INSTRUCTIONS TO FOLLOW :: Nothing other than an exact copy of the lines from the one containing "2Pcs Car Sun" through the last line of the listing below should be written.

EXTRACTED ENTRIES ::
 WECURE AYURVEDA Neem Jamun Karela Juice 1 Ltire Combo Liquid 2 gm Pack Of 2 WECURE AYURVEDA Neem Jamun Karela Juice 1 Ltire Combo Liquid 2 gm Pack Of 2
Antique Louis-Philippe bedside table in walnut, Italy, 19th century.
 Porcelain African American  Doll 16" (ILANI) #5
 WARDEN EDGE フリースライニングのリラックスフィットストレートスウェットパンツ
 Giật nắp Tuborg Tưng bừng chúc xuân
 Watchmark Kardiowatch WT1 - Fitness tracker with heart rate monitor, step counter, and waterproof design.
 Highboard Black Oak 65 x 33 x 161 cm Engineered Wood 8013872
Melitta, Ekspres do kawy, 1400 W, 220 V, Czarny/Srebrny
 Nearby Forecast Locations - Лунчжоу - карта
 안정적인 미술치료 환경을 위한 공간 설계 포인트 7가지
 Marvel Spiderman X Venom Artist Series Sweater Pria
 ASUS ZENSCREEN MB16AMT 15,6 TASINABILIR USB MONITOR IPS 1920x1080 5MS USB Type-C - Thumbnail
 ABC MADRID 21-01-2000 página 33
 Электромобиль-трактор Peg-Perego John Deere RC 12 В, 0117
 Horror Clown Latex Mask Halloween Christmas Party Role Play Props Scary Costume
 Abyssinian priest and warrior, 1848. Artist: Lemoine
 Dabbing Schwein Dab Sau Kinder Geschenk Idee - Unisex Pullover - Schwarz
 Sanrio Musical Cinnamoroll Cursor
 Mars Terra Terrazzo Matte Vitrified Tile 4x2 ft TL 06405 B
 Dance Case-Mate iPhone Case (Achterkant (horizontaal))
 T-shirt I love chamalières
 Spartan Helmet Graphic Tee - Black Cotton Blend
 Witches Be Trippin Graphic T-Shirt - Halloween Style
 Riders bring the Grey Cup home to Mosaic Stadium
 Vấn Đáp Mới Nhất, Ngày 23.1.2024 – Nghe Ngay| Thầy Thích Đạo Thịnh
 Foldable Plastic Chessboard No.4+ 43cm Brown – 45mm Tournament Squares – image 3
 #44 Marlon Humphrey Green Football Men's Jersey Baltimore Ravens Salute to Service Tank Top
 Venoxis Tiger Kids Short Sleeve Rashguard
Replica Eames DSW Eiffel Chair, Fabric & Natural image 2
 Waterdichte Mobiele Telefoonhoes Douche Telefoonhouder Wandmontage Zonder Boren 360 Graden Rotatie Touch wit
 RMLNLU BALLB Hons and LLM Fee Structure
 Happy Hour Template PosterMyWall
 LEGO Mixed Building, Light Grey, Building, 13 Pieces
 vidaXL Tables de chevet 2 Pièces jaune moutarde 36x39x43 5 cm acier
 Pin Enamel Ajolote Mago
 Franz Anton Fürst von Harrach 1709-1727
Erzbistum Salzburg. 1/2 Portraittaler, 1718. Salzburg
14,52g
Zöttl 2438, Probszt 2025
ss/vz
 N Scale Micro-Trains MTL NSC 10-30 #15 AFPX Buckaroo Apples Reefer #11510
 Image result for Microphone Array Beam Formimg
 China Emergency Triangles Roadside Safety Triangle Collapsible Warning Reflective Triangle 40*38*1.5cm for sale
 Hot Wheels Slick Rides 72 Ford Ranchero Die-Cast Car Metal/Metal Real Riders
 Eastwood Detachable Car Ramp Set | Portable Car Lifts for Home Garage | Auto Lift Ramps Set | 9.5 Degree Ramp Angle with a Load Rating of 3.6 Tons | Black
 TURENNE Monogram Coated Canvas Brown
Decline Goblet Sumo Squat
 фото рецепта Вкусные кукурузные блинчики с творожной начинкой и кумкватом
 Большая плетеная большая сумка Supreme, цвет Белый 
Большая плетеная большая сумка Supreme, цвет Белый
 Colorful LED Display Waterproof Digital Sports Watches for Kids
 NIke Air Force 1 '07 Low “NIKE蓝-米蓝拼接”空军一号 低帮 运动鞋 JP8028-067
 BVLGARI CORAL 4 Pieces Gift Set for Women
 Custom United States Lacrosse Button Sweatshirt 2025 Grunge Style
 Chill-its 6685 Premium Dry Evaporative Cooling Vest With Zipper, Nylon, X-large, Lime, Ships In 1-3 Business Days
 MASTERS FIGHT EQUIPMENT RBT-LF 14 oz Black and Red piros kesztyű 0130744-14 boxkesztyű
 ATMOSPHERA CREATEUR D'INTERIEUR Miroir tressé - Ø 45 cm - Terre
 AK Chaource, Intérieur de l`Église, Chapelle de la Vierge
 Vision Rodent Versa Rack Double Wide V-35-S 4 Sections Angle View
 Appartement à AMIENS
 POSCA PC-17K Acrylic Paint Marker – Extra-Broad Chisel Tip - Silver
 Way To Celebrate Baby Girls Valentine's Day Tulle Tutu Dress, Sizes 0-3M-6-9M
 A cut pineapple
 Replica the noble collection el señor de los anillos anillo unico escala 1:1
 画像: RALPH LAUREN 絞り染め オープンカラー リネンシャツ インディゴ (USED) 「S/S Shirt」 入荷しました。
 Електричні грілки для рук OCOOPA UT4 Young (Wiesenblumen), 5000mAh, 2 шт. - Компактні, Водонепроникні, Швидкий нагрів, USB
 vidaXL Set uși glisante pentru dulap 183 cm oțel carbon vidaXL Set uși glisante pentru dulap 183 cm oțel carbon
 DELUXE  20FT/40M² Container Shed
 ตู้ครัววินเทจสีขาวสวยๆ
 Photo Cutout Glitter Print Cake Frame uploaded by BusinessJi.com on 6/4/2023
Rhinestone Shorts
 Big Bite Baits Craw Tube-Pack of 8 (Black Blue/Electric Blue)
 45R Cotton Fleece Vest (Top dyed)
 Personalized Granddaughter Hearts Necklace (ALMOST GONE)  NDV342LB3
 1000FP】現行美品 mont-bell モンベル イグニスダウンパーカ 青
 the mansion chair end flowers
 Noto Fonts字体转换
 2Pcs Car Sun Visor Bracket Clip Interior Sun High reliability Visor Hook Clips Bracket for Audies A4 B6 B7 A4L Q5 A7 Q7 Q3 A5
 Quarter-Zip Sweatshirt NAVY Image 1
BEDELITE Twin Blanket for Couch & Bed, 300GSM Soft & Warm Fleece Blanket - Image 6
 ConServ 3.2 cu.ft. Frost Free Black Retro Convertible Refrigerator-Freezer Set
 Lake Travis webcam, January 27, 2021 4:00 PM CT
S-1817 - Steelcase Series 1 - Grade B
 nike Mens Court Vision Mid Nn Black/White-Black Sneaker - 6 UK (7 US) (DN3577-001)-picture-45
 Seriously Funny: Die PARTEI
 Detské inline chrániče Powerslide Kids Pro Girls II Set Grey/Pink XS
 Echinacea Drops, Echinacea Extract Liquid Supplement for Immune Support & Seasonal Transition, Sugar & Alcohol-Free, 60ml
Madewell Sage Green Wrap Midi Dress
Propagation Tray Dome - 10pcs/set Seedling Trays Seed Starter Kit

THE COMPLETED TASK ::
 2Pcs Car Sun Visor Bracket Clip Interior Sun High reliability Visor Hook Clips Bracket for Audies A4 B6 B7 A4L Q5 A7 Q7 Q3 A5
 Quarter-Zip Sweatshirt NAVY Image 1
BEDELITE Twin Blanket for Couch & Bed, 300GSM Soft & Warm Fleece Blanket - Image 6
 ConServ 3.2 cu.ft. Frost Free Black Retro Convertible Refrigerator-Freezer Set
 Lake Travis webcam, January 27, 2021 4:00 PM CT
S-1817 - Steelcase Series 1 - Grade B
 nike Mens Court Vision Mid Nn Black/White-Black Sneaker - 6 UK (7 US) (DN3577-001)-picture-45
 Seriously Funny: Die PARTEI
 Detské inline chrániče Powerslide Kids Pro Girls II Set Grey/Pink XS
 Echinacea Drops, Echinacea Extract Liquid Supplement for Immune Support & Seasonal Transition, Sugar & Alcohol-Free, 60ml
Madewell Sage Green Wrap Midi Dress
Propagation Tray Dome - 10pcs/set Seedling Trays Seed Starter Kit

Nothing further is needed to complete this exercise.